Exit polls of voters showing the strength of support for each candidate underscore the challenge facing Obama: As he shifts his focus to a likely general election against Republican John McCain, he must maintain the loyalty of longtime supporters while winning over Democrats who have been reluctant to budge from Clinton.
The primary voting ends Tuesday with contests in South Dakota and Montana. A look at exit polls from 33 previous primaries where both candidates competed shows that in a race with few major policy differences, each has patched together coalitions of racial, social and ideological groups that have cemented.
A few groups, if anything, have developed progressively stronger attachments to their candidate.
In primaries held through Super Tuesday, Feb. 5 _ the day Obama showed his ability to win contests around the country _ the Illinois senator was getting an average eight in 10 votes among blacks. That was a commanding advantage that included the 78 percent he got from blacks in South Carolina, the first state on the calendar with significant numbers of black voters.
Yet as sniping between the two candidates’ camps made race a more polarizing factor, Obama’s support from blacks grew even stronger. In primaries since Super Tuesday, he’s gotten the votes of nearly nine in 10 black voters.
“I think it’s due to his religion” and the controversy over his former pastor, Rev. Jeremiah Wright, said Yulonda Howe, 46, of Los Angeles. She said the black community understands that “on some things you can disagree with your pastor.”
Obama has also seen his support grow among voters under age 30. In contests through Super Tuesday his average advantage with them was 17 percentage points, while since then his average edge has been 27 points.
Obama’s growth with young voters has been even sturdier among whites under 30. Their support for him grew from an 18-point margin through Super Tuesday to 38 points in later primaries _ including a 60-point edge last month in Oregon, a hotbed of progressive college campuses.
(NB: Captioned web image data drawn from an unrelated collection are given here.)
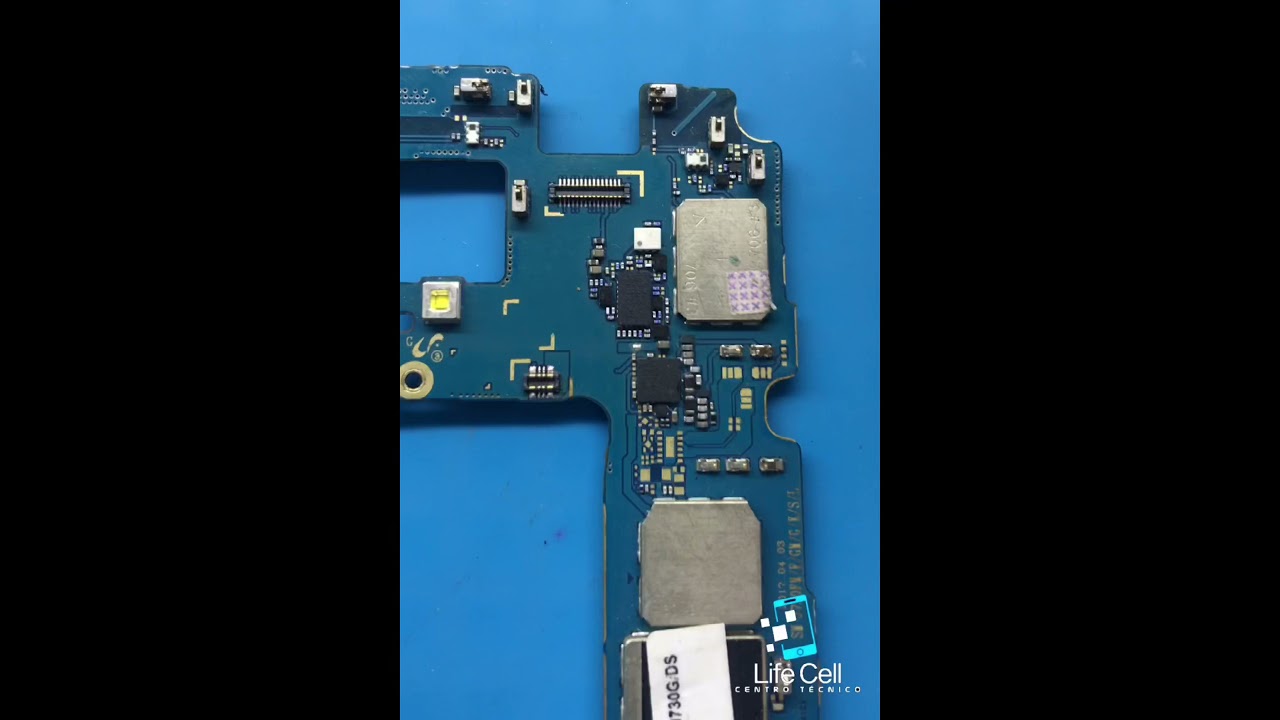 Teste de Fuga de corrente e curto na placa do celular. Para iniciante !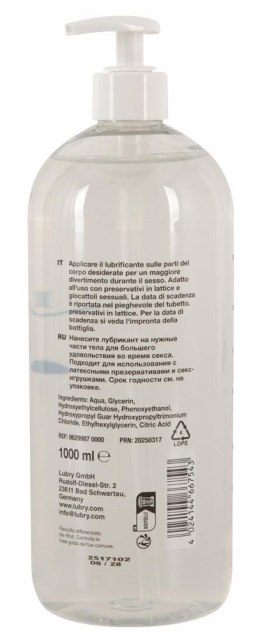 Just Glide Toylube 1000 ml Just Glide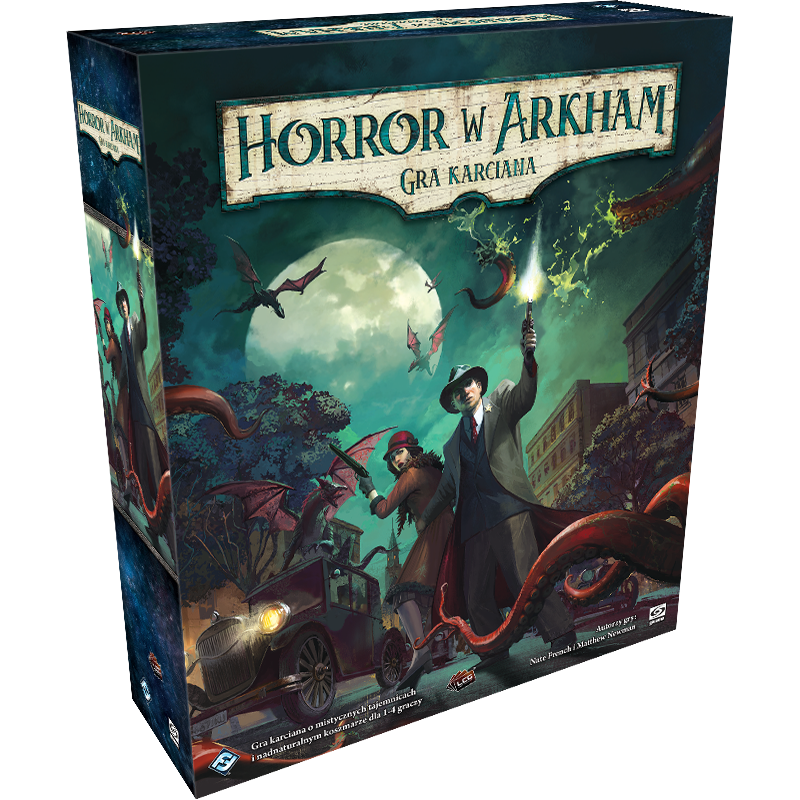 Horror w Arkham: Gra karciana (nowa edycja 1-4 graczy)
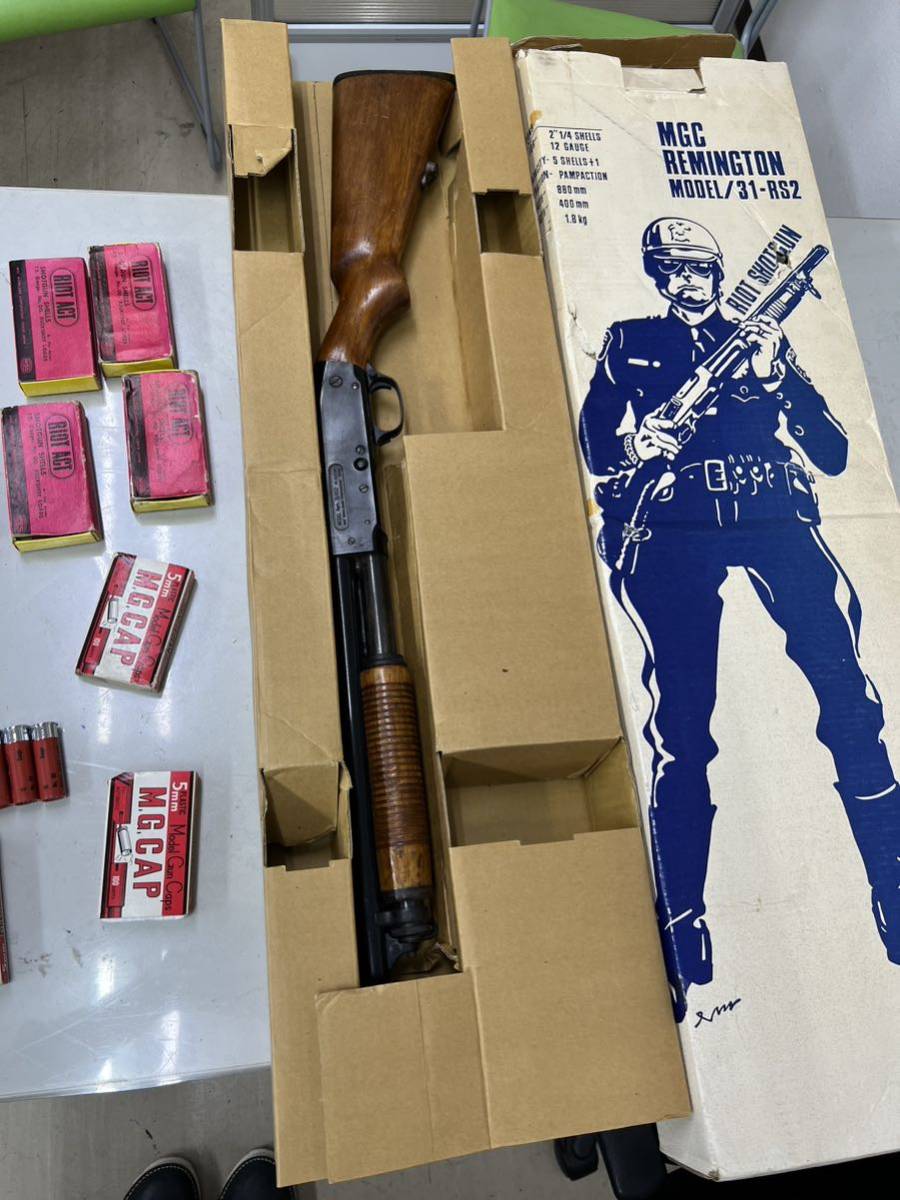 MGC REMINGTON MODEL 31-RS2 MGC REMINGTON レミントン ポンプ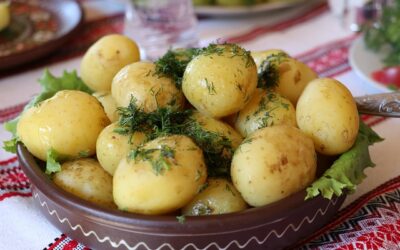 Des recettes pommes de terre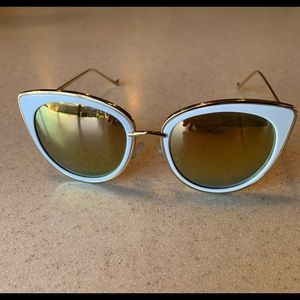 Betsey Johnson Cat Eye Sunglasses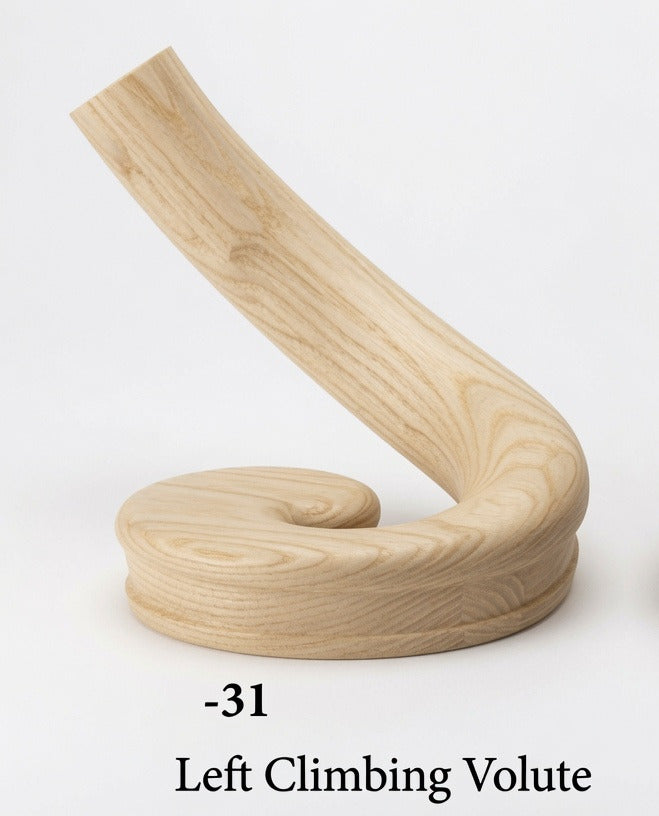 7031 or 7036 Curved-Arm Volutes
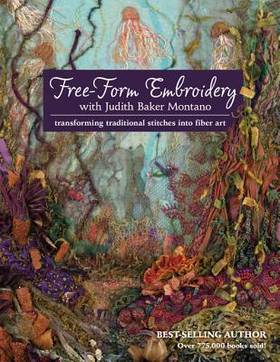 Free-form Embroidery with Judith Baker Montano's front cover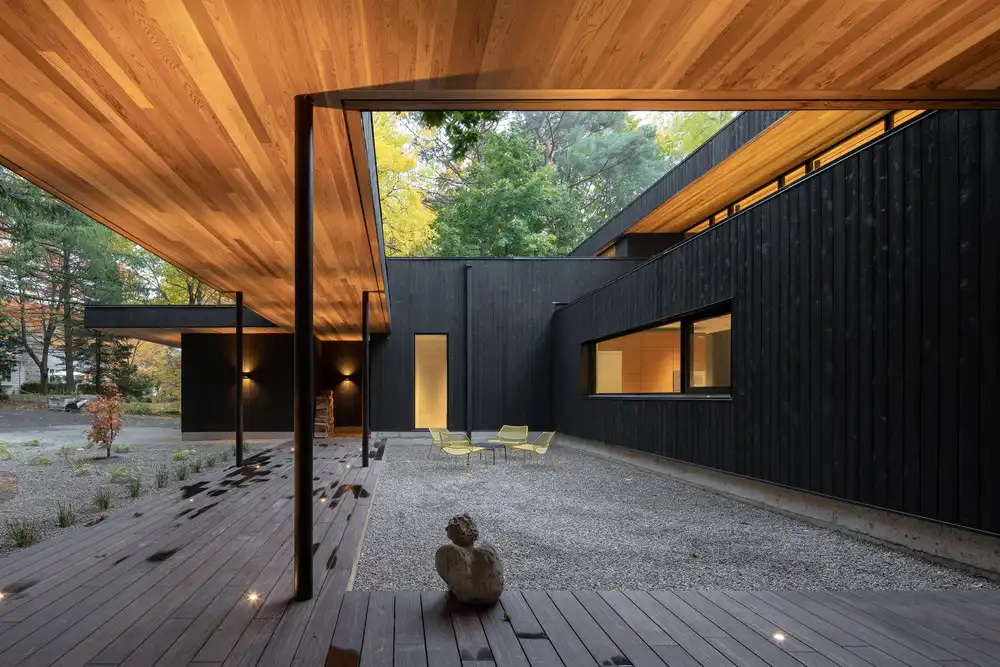 Ravine House Ontario Canada
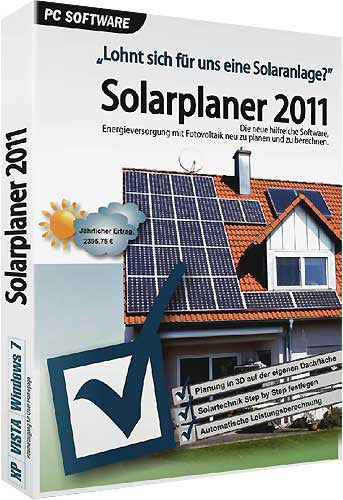 Solarplaner 2011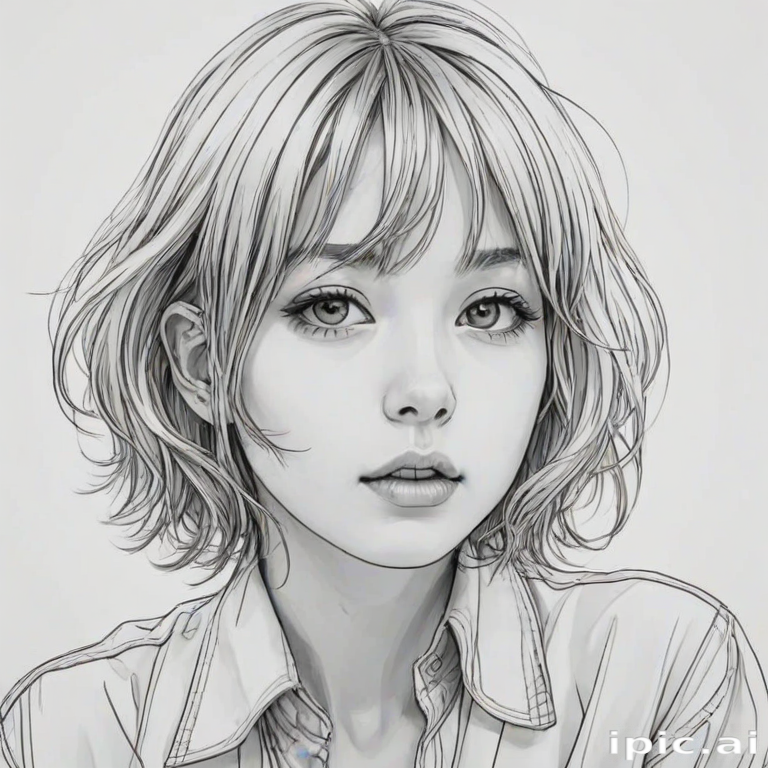 transparent line art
Clinton has won growing support from older voters, especially white women. Whites ages 65 and older supported the New York senator by an average 28-point margin through Super Tuesday, and 39 points since then.
Her edge among older white women has averaged an enormous 45 points since Super Tuesday. That is up 9 points from the earlier contests and includes margins exceeding 50 points last month in North Carolina, West Virginia and Kentucky.
“She comes the closest to what I believe” on leaving Iraq and sparking the economy, said Jan Haus, 66, of Scottsdale, Ariz. “She knows what to do around the White House.”
Working-class whites and whites who said race was an important factor in choosing a candidate also leaned toward Clinton by stronger margins after Super Tuesday, as have white men. That could be because there were more Southern and rust-belt states, where whites were more likely to back Clinton, in the later contests than in the earlier ones.
Charles Franklin, a political scientist and authority on polling at the University of Wisconsin, said the candidates’ performances with voting blocs in particular states can vary according to the strength of their campaigns locally and each state’s overall ideological tilt. But he said the historic nature of this year’s Democratic race _ pitting a woman against a black for the nomination _ also had a big impact.
“The uniqueness of the candidates almost demanded that there would be this demographic division,” Franklin said.
A candidate’s performance with blocs of voters in primaries does not necessarily signal what will happen in the general election, when voters are more focused on issues and their own partisan loyalties. Early polls pitting Obama against McCain show varying results on who is ahead among white women and older voters.
The data comes from interviews with more than 44,000 voters in the Democratic primaries in the 33 state primaries where both candidates competed. The margin of sampling error was plus or minus 1 percentage point, larger for some subgroups.